Dr. Ian Mondragon Shem, Northwestern University

Non-equilibrium phenomena in Rydberg atoms and circuit QED devices Progress in the design and coherent control of quantum simulators has enabled access to new fundamental discoveries in quantum many-body dynamics. The noisy nature of today’s devices, however, limits the possible simulations that can be carried out in practice. In this talk, I will present synergies between the discovery of new forms of non-equilibrium behavior in imperfect quantum simulators and the design of strategies to improve quantum hardware.

I will begin by focusing on the dynamics of strongly interacting Rydberg atoms. I will present evidence that most initial states lead to non-ergodic oscillations in local observables. This is due to a series of previously unknown quantum many-body scars in the energy spectrum. I will discuss how this non-ergodic behavior remains robust in the presence of disorder, suggesting potential applications in quantum metrology to diagnose spatial imperfections in Rydberg simulators.

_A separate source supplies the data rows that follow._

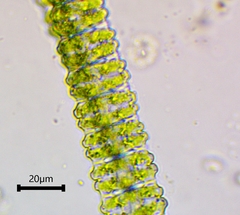 Desmidium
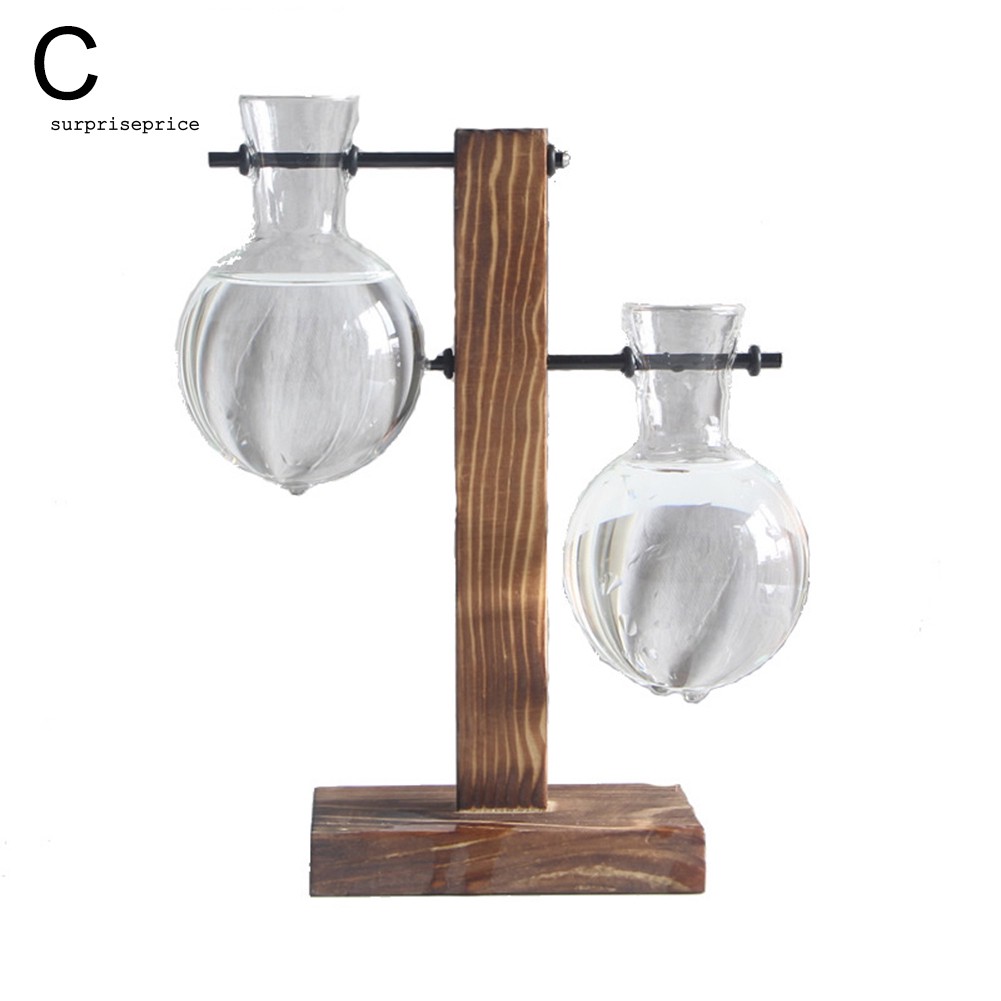 Chậu trồng cây cảnh bằng gỗ độc đáo sáng tạo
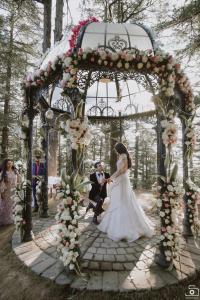 Vendor Photos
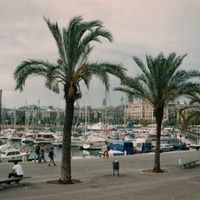 Fun Classes for Expats Living in Barcelona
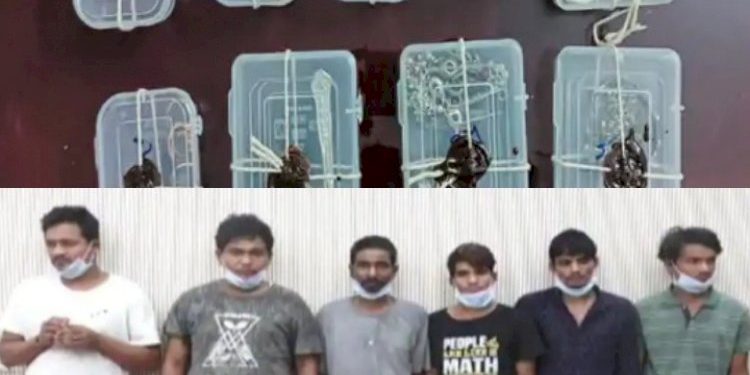 લાખોની ચોરીને અંજામ આપનાર આ છ શખ્સો નેપાળ ભાગવાની તૈયારીમાં હતા પણ…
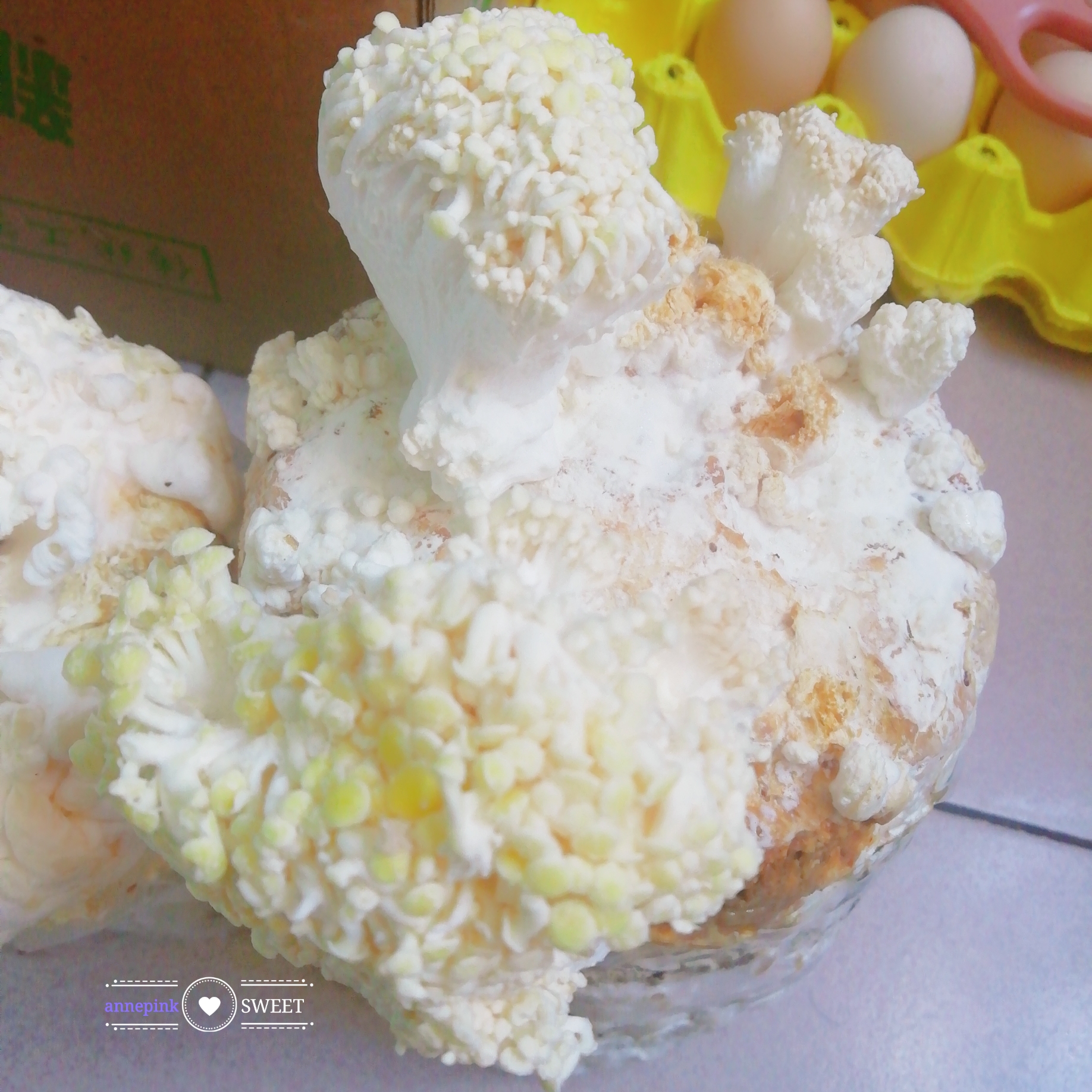 diary game黄颜菇总算发芽了👻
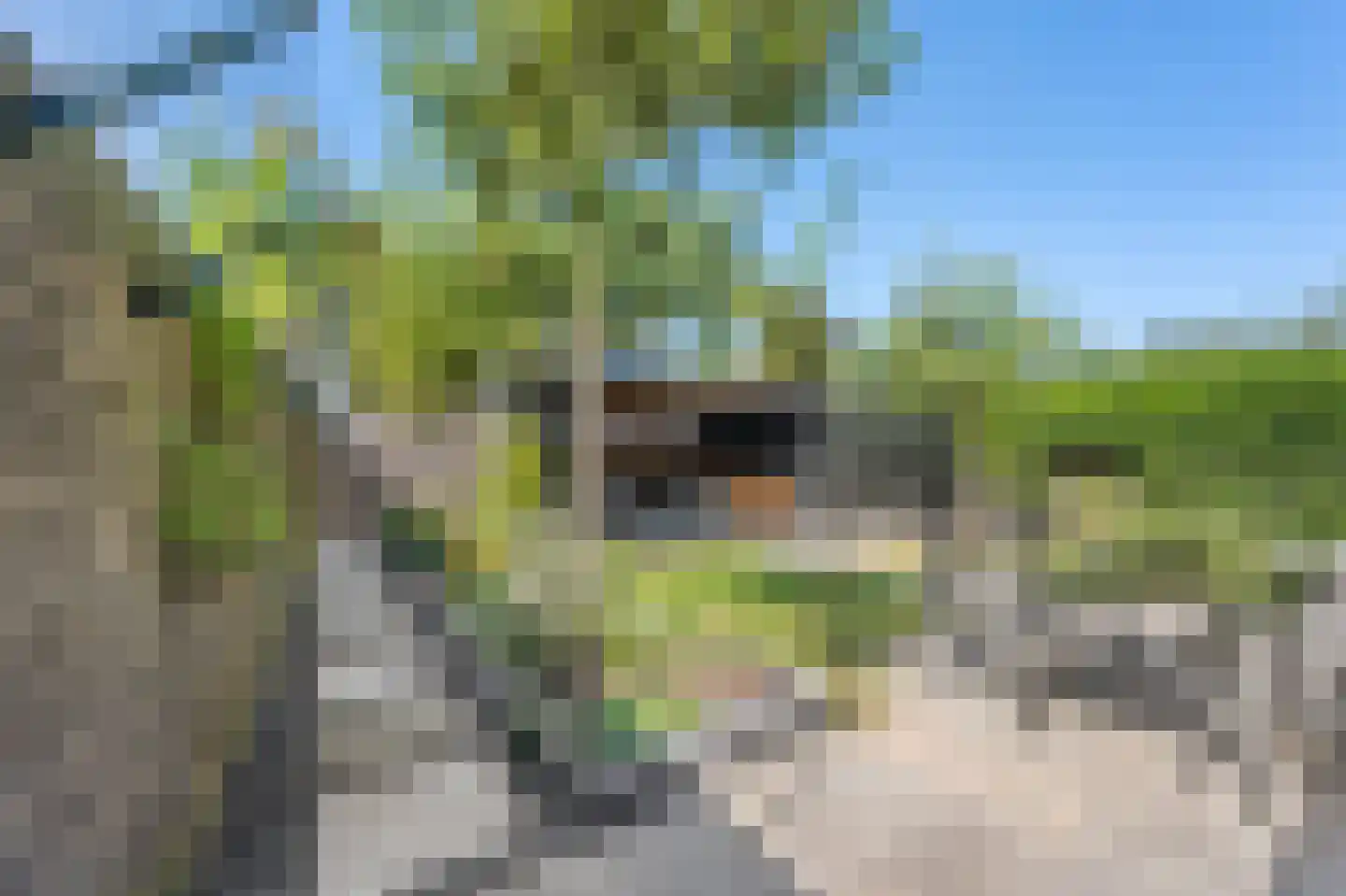 Akkerland 19 Assendelft thumbnail 37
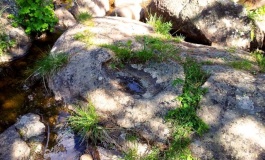 Quern stone? Celerina - PID:115408 Quern stone? Celerina - PID:115408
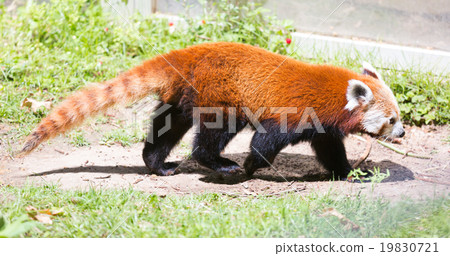 Red panda Red panda 19830721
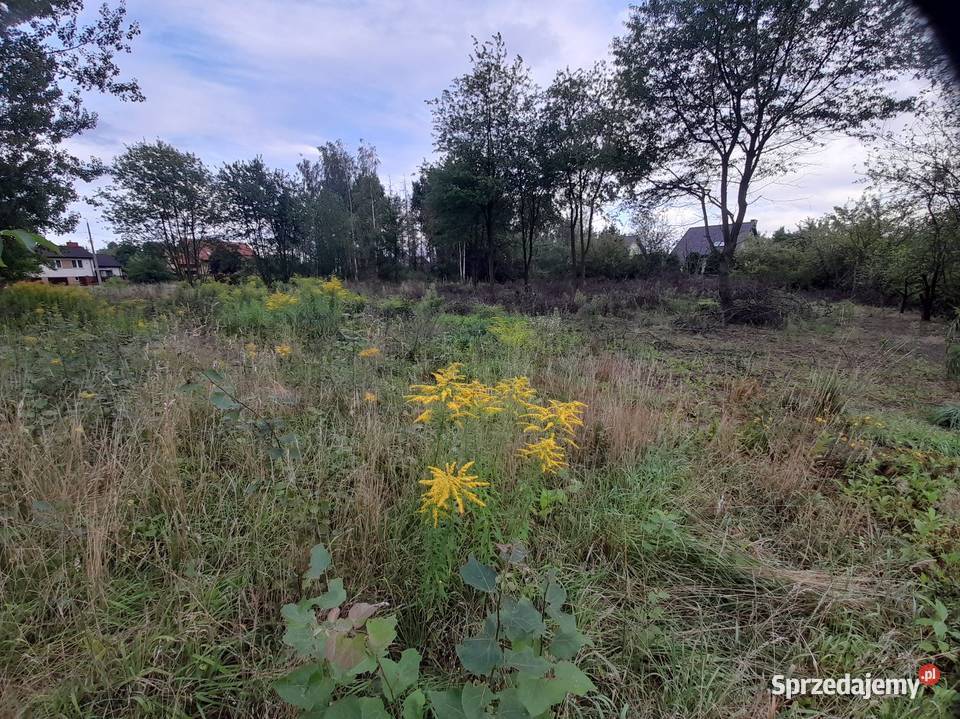 Sprzedam działki budowlane 980m2 i 670m2 Mszczonów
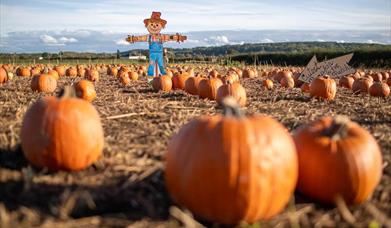 pumpkin patch field with pumpkins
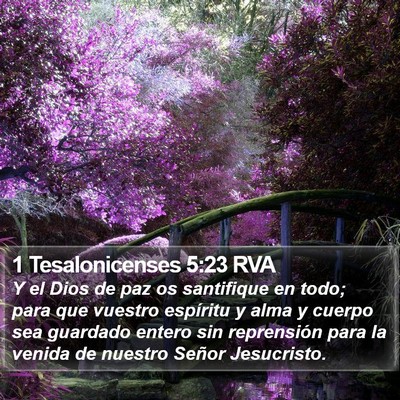 1 Tesalonicenses 5:23 RVA Bible Verse Image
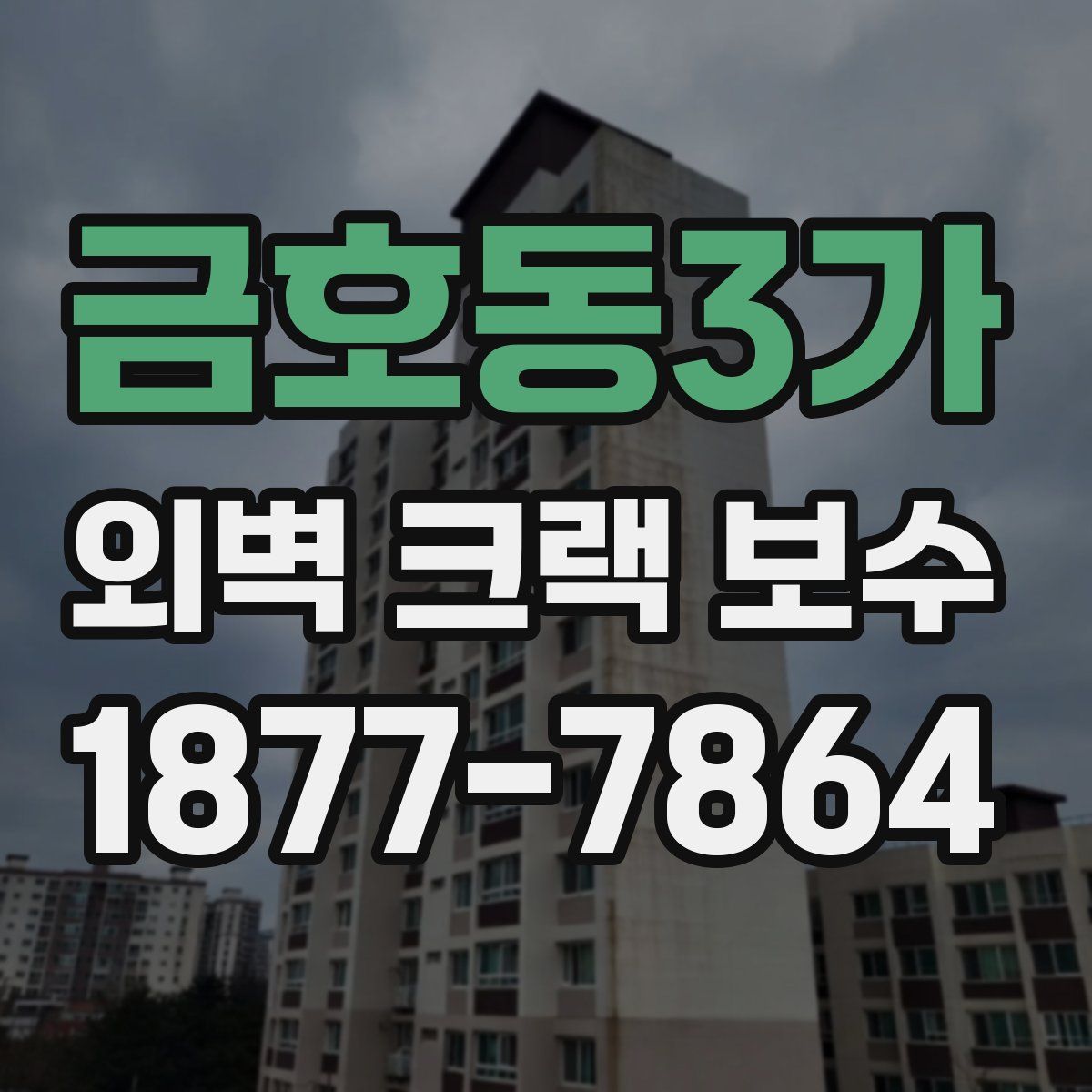 금호동3가 외벽 크랙 보수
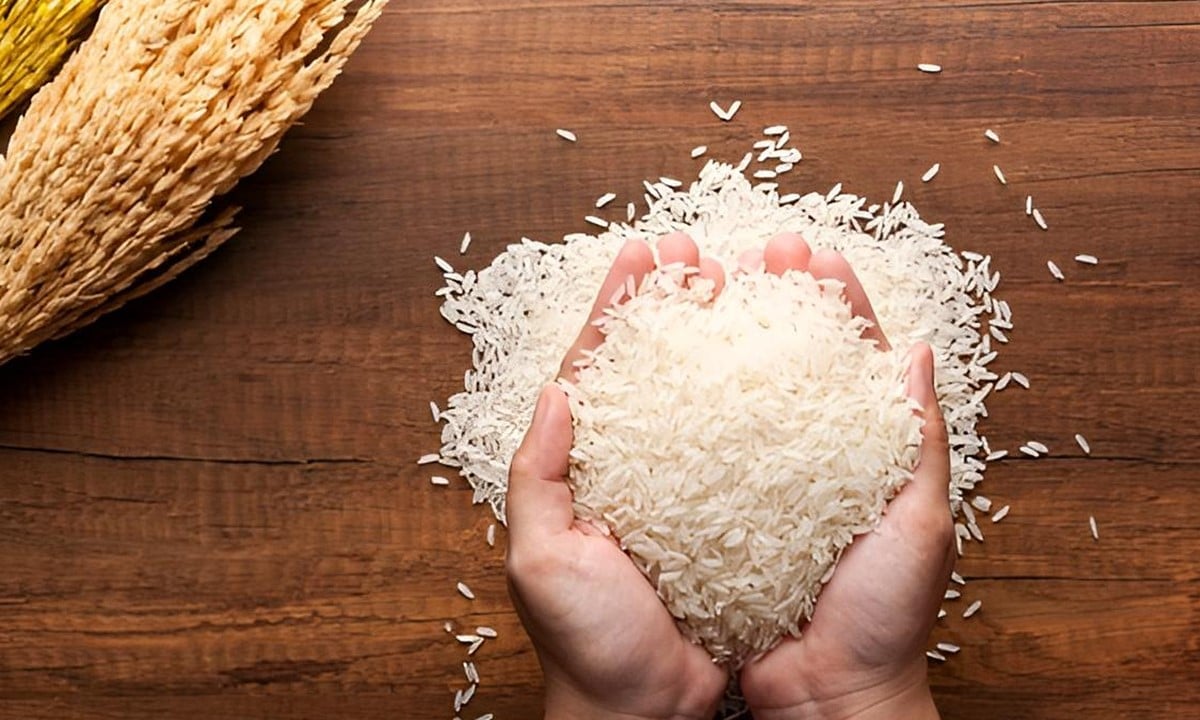 Giá lúa gạo hôm nay ngày 31/10: Gạo nguyên liệu xuất khẩu giảm. (Ảnh minh họa) Giá lúa gạo hôm nay ngày 31/10: Gạo nguyên liệu xuất khẩu giảm. (Ảnh minh họa)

I will afterward discuss strategies inspired by non-equilibrium phenomena to improve the performance of quantum hardware at the single-qubit level. Qubits in circuit QED systems can be strongly affected by 1/f noise, leading to strong dephasing. Based on models of time crystals, I will show how to create dynamical (Floquet) qubits that exhibit flat spectra with respect to external control parameters. This type of spectrum can result in dynamical qubits with a markedly reduced dephasing rate.

I will conclude by providing an outlook for the continued effort to understand non-equilibrium systems and how they can be used to improve quantum devices.